▶ **EXERCISE DATA**
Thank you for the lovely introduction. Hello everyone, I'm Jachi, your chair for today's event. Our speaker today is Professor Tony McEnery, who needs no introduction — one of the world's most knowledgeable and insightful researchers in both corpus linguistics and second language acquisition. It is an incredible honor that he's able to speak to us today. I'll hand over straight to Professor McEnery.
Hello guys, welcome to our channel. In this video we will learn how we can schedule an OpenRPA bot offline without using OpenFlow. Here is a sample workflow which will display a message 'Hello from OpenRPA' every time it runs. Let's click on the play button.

* * *

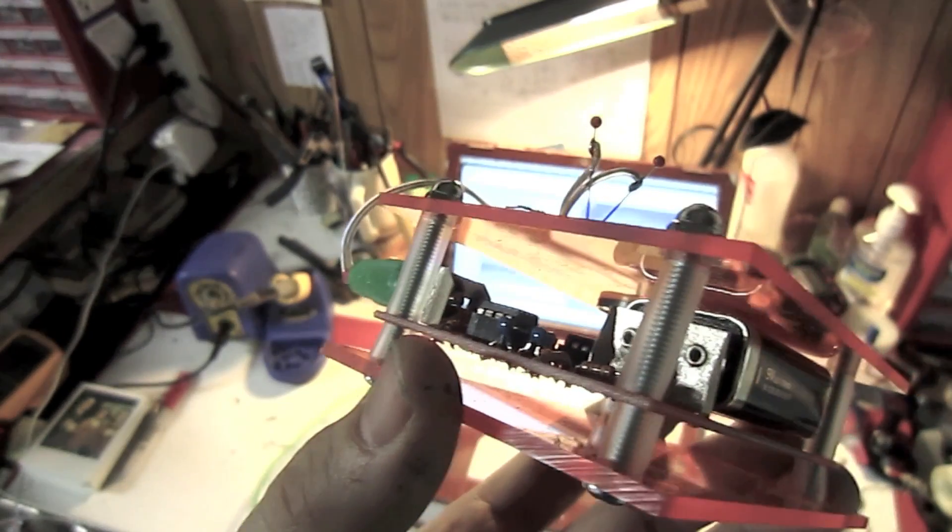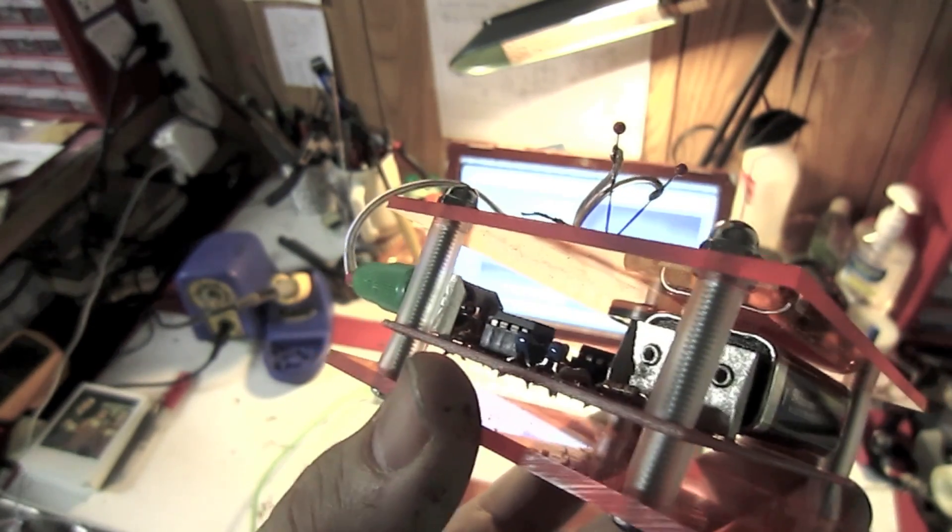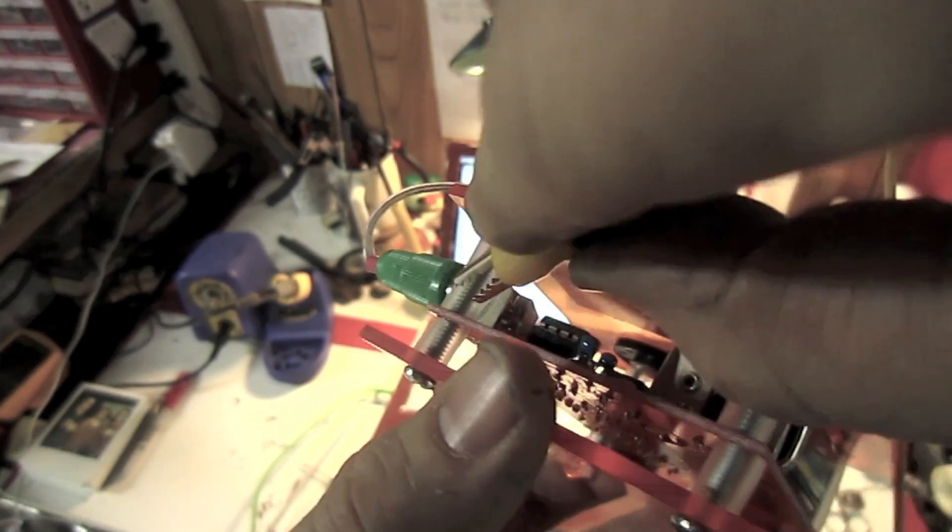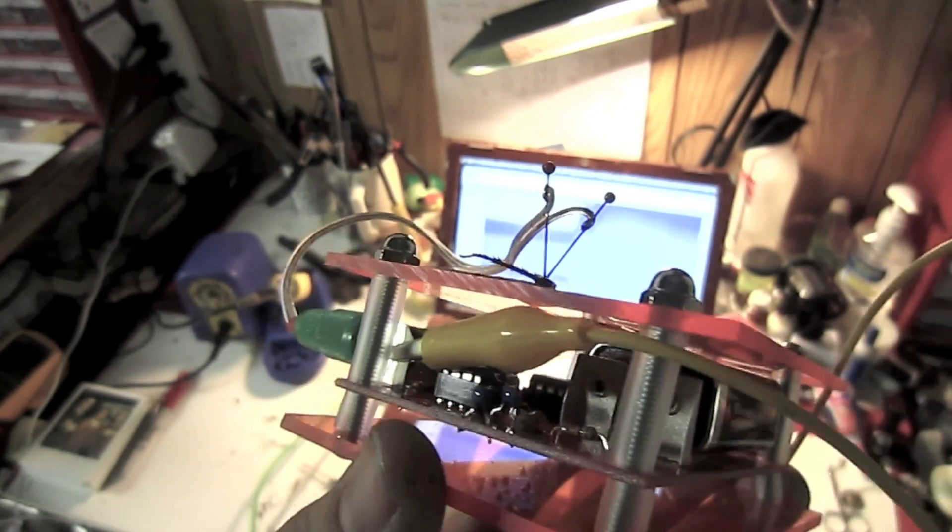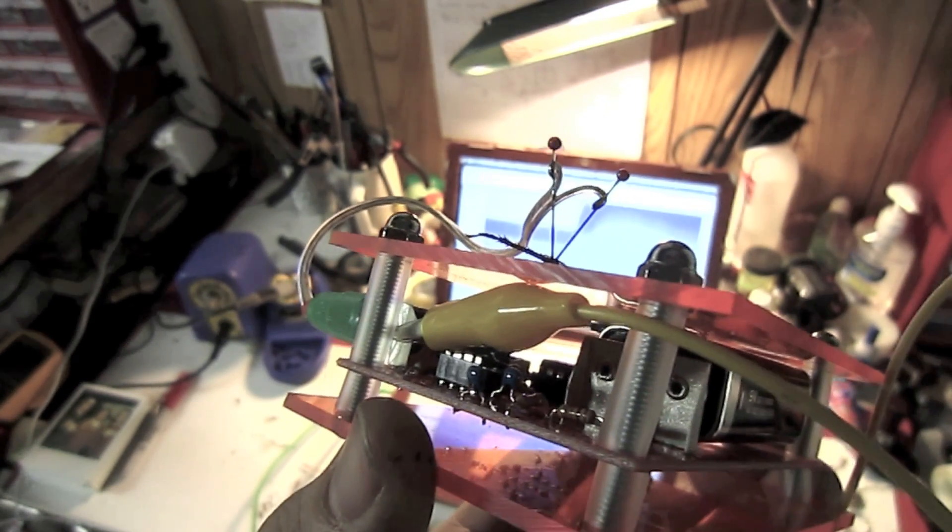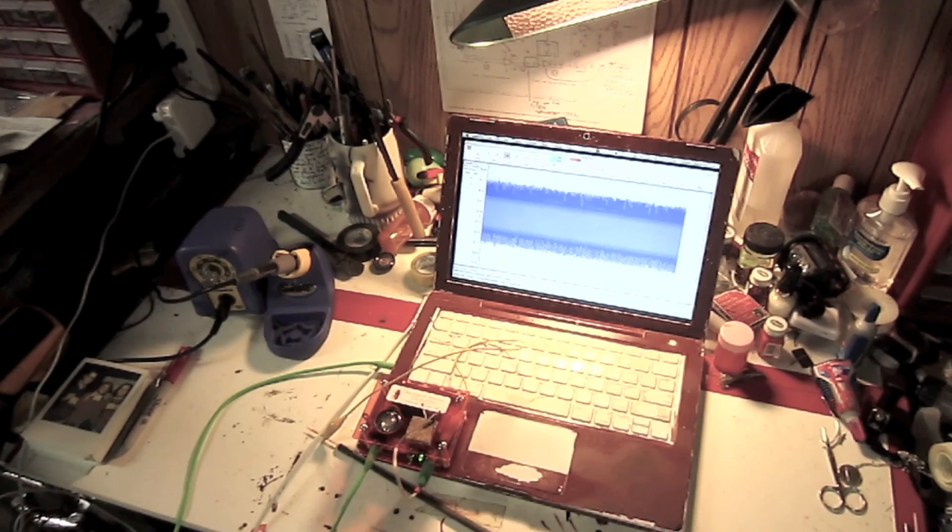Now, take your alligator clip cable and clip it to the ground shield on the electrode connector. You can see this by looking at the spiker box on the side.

▶ **TASK GOAL**
The lines above starting at the one that contains "Thank you for" and ending at the one that contains "Hello guys, welcome" must be transcribed exactly, and no other lines may appear.

▶ **EXPECTED ANSWER**
Thank you for the lovely introduction. Hello everyone, I'm Jachi, your chair for today's event. Our speaker today is Professor Tony McEnery, who needs no introduction — one of the world's most knowledgeable and insightful researchers in both corpus linguistics and second language acquisition. It is an incredible honor that he's able to speak to us today. I'll hand over straight to Professor McEnery.
Hello guys, welcome to our channel. In this video we will learn how we can schedule an OpenRPA bot offline without using OpenFlow. Here is a sample workflow which will display a message 'Hello from OpenRPA' every time it runs. Let's click on the play button.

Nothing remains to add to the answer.